Well it had to happen sooner or later. YDreams and Canesta Inc. have announced a partnership that will redefine Augmented Reality. We’ve all seen AR demos where “Real” markers are recognized by machine vision engines and are replaced with “Artificial” objects in the video stream. Canesta has taken the next step and built a camera that can provide a realtime markerless depth map of the scene it’s shooting.
Canestavision sensor chips fundamentally, work in a manner similar to radar, where the distance to remote objects is calculated by measuring the time it takes an electronic burst of radio waves to make the round trip from a transmitting antenna to a reflective object (like a metal airplane) and back. In the case of these chips, however, a burst of unobtrusive light is transmitted instead.
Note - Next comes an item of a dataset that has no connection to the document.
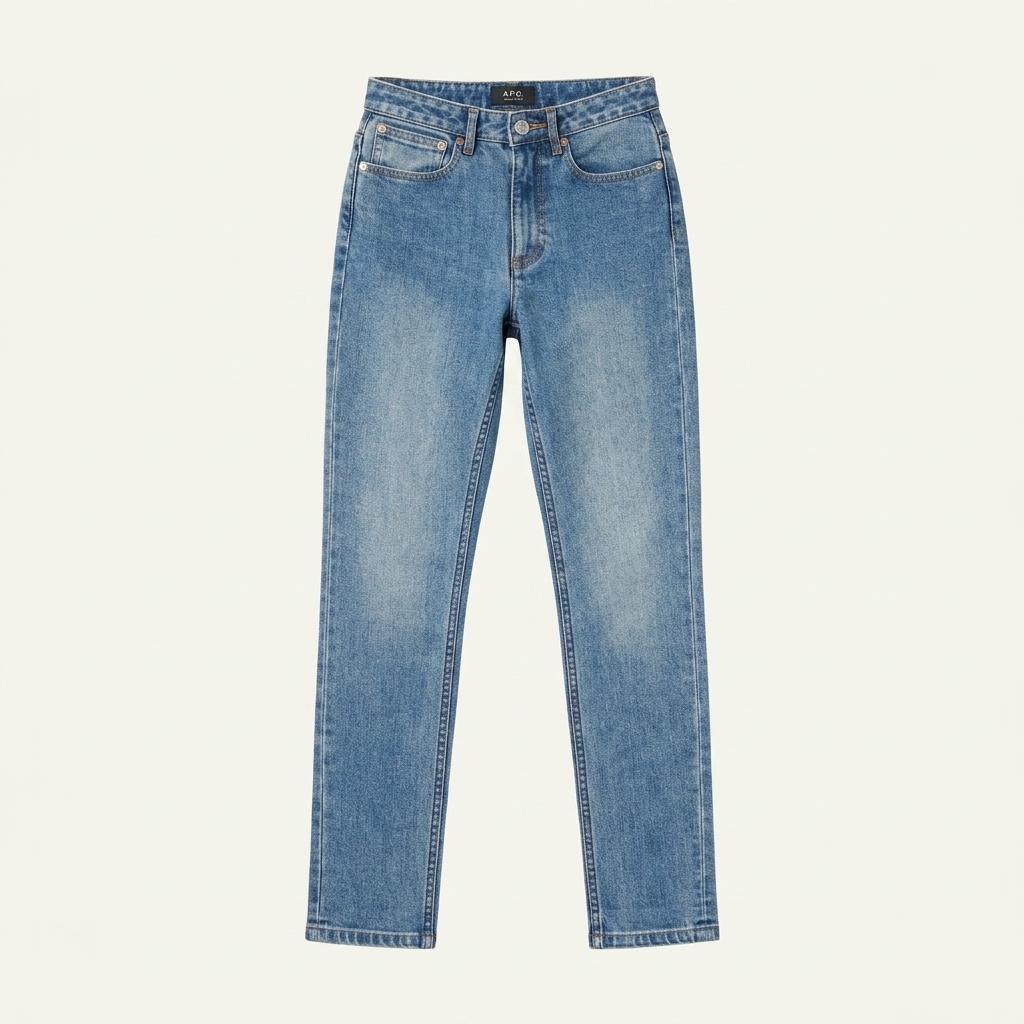 A.P.C. 진 드로이트 스트레이트 데님 팬츠 25 1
The chips, which are not fooled by ambient light, either then time the duration it takes the pulse to reflect back to each pixel, using high speed, on-chip timers in one method, or simply count the number of returning photons, an indirect measure of the distance, in another.
In either case, the result is an array of “distances” that provides a mathematically accurate, dynamic “relief” map of the surfaces being imaged. The image and distance information is then handed off to an on-chip processor running Canesta’s proprietary imaging software that further refines the 3-D representation before sending it off chip to the OEM application.
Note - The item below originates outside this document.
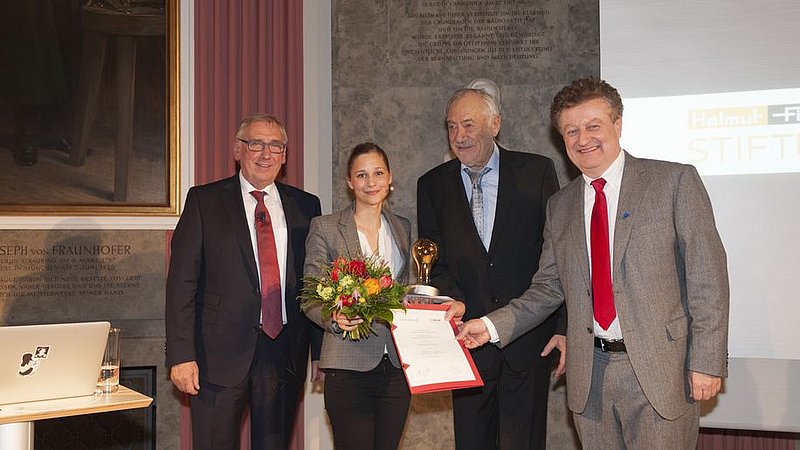 Erster Helmut Fischer Preis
To date, implementing augmented reality solutions has only been possible with very specialized techniques. By working together with Canesta, we look forward to making augmented reality a part of everyday life,
said Ivan Franco YDreams´ R&D Director.
Until now Augmented Reality has delivered limited applications to the general public, mostly offering 3-D objects on top of visually obtrusive markers. By using Canesta’s 3-D vision sensors, YDreams applications can do real-time capture of any object in 3-D, without the aid of any special markers or enhancements.